Performance comparison of Julia and Matlab ensemble methods
Introduction
Modern machine learning tasks require not only high model accuracy, but also efficient use of computing resources. The choice of tools directly affects the speed of development and training time, which is especially critical when working with large amounts of data and ensemble methods known for their resource intensity.
Ensemble methods are machine learning methods that combine several basic models (for example, decision trees) to produce a more accurate and stable forecast than each model individually.

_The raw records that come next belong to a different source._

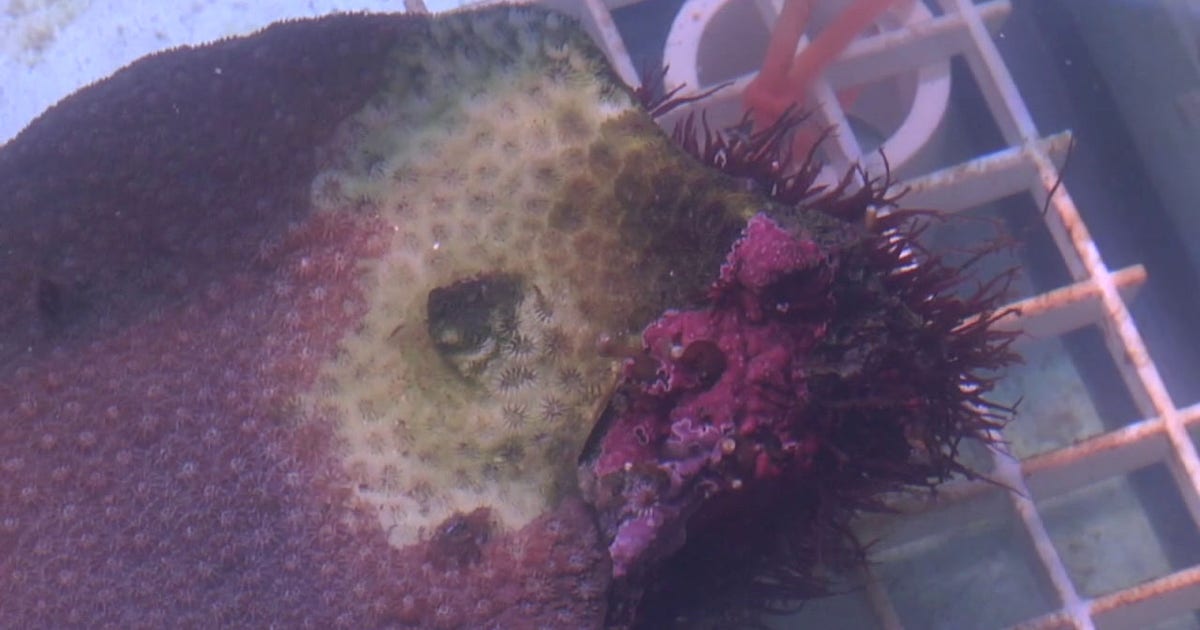 Mote Marine Laboratory finds disease-resistant coral that could help Florida reef restoration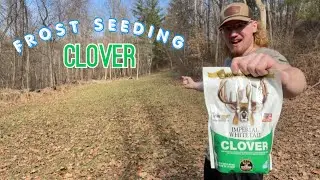 FROST SEEDING CLOVER for the first time!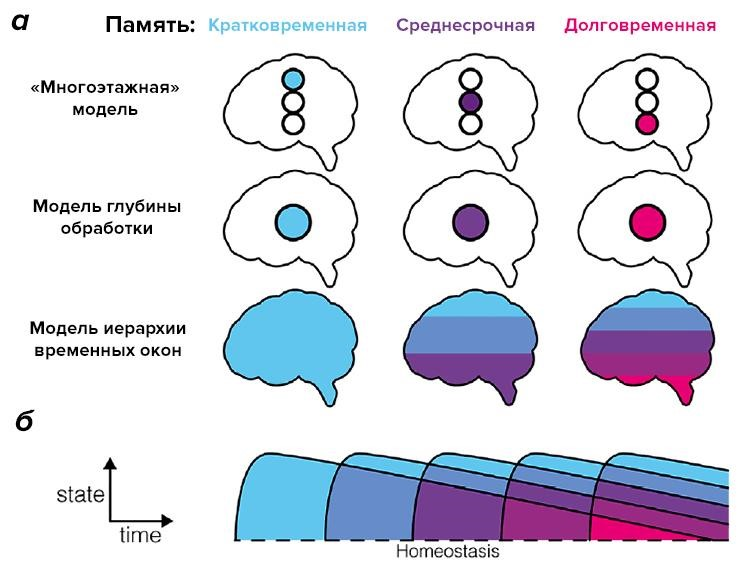 Память: биологические и медицинские аспекты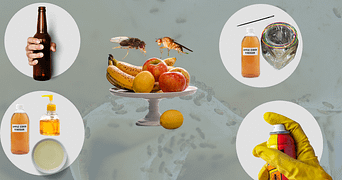 how to remove fruit flies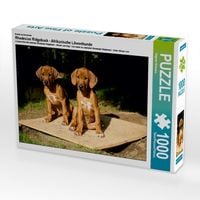 Produktbild: CALVENDO Puzzle Rhodesian Ridgeback H&uuml;ndinnen | 1000 Teile Lege-Gr&ouml;&szlig;e 64x48cm Foto-Puzzle f&uuml;r gl&uuml;ckliche Stunden
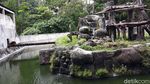 Gembira Loka Zoo Yogya Potong Gaji Karyawan Imbas Corona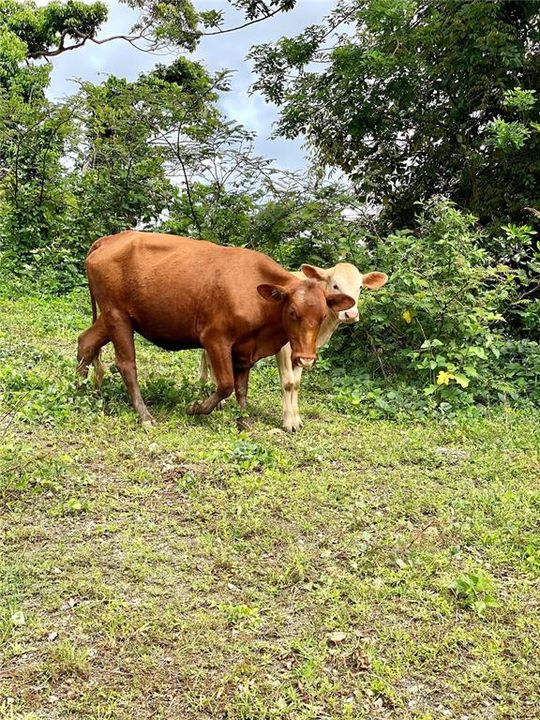 Недавно продано: $600,000 (54.00 acres)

This example provides a comparative analysis of three approaches to learning a classification model based on a random forest.:
- using the MLJ and DecisionTree libraries on Julia,
- as well as the fitcensemble functions in the plug-in Matlab core.
All methods solve the same problem of binary classification on synthetic data, which allows an objective comparison of their performance.
Importing libraries
We will attach the necessary libraries.
import Pkg
Pkg.add(["Random", "Distributions", "LinearAlgebra", "Statistics", "DecisionTree", "MLJ", "MLJDecisionTreeInterface"])
using Random, Distributions, LinearAlgebra, Statistics
Data generation
Let's create ten red and ten blue basepoints. Please note that in Julia you can use emoji characters in variable names.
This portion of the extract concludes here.